Hall made multiple promises to the faculty of Clark University, but was unable to fulfill them. He blamed Jonas Clark or the trustees for his unfulfilled promises, and also misled Clark about the financial aspects of Clark University. Jonas Clark wanted the undergraduate college, but Hall did not want it. As a result of these conflicts, Clark did not trust Hall.

Clark University suffered from financial problems. Jonas Clark expressed his disappointment toward the affluent trustees, and to some extent the Worcester community, for not coming forward to support the university to Hall and the trustees, before leaving for Europe in 1891; he warned to reduce expenses if the public did not give more support to the university. He resigned as treasurer, but remained president of the board of trustees. From this point forward, Clark talked with Hall and the board particularly through letters; he also did not spend much time in Worcester.

The trustees did not build the undergraduate college, something that Clark wanted, but they continued to appeal to him to financially support the university.

In 1892 Clark and multiple trustees held various discussions on how to salvage the remaining assets of Clark University. Clark wanted an undergraduate college, but Hall rejected his wish. Clark wanted the university to be a traditional undergraduate institution, while Hall wanted it to be a graduate institution. Hall and the trustees wanted to keep Clark happy until his death; after Clark's death they could use his money according to their wishes.

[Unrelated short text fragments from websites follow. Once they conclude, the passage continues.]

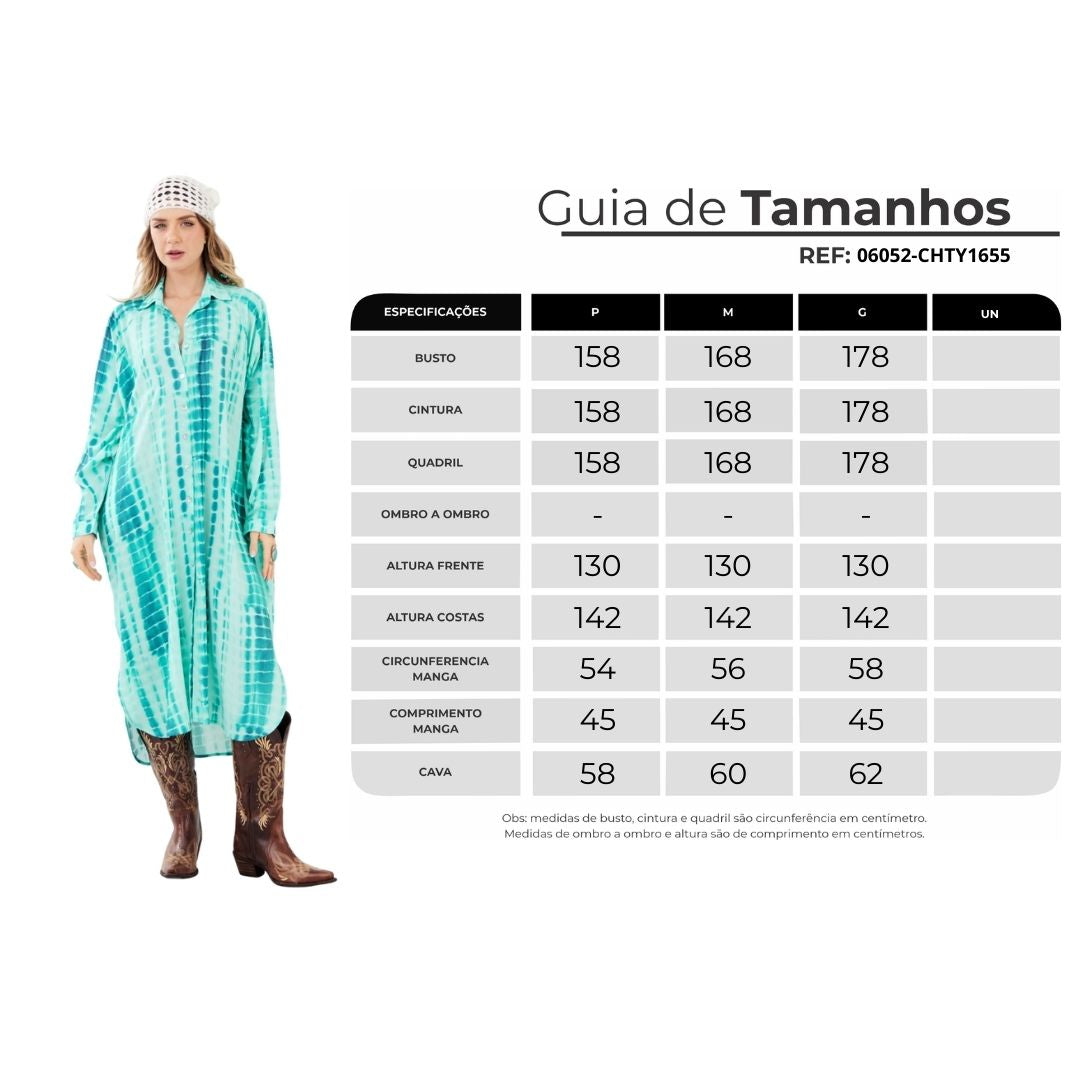 Chemise Midi Verde Tie Dye Digital Yacamim L1
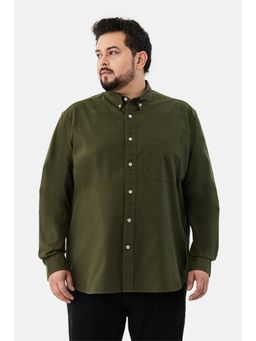 Snitch - Olive Plain Full Sleeves Regular Plus Size Shirt for Men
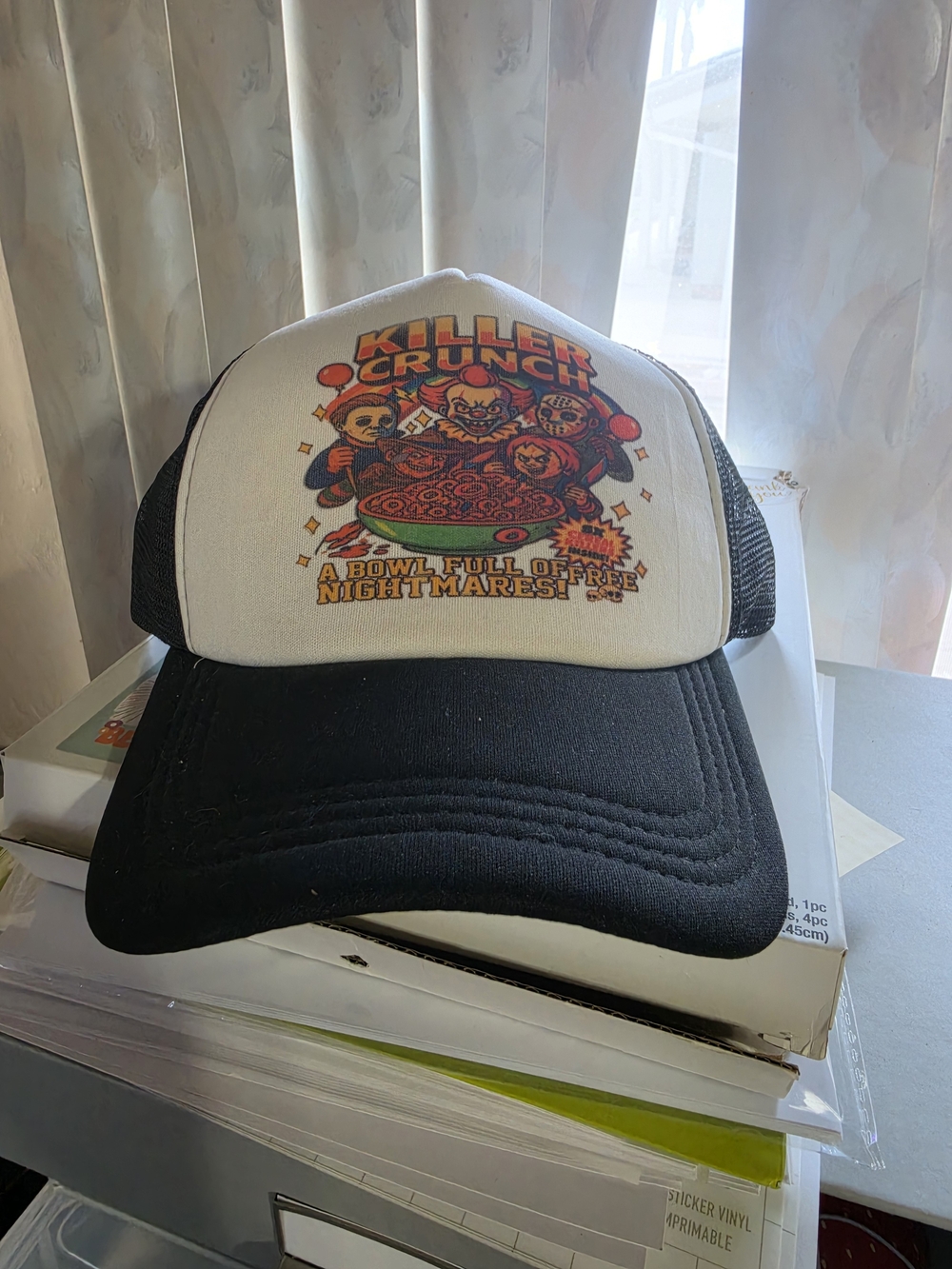 Killer Crunch Graphic Trucker Hat - Black/White - Picture 3 of 5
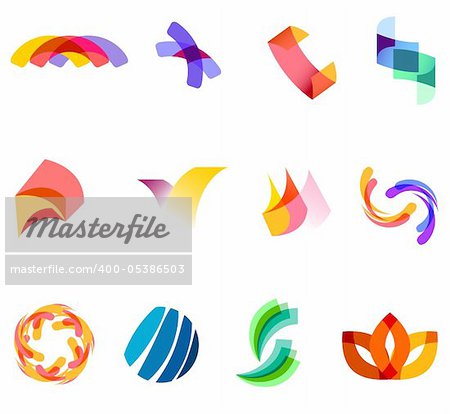 12 different colorful vector symbols: (set 20)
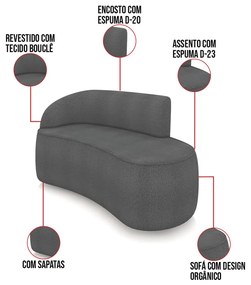 Sofá 2 Lugares Orgânico 140cm Morgan e 2 Poltronas Lua Bouclê D03 - D'Rossi - Grafite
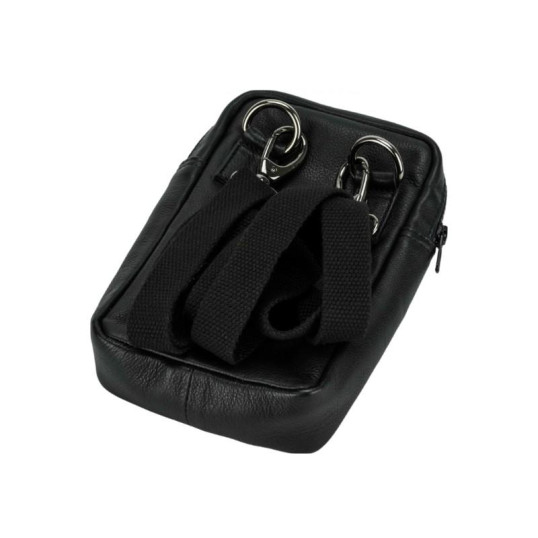 Passatore vállra akasztható bőr pipatáska 3 pipa számára - Fekete színű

Clark gave money to the university for the academic year 1892-93, but gave no more financial support to the university from this point forward. He realized that Hall and the trustees would not start the undergraduate college. His will, drafted in New York City, was kept secret from Hall and the trustees.

Clark died on May 23, 1900, at his home in Worcester. After his death, when the conditions of his will became known, the trustees discovered that they would have to establish an undergraduate college or else they would lose the remainder of Clark's fortune. The college was established, and it merged with the university in 1920 after Hall's retirement.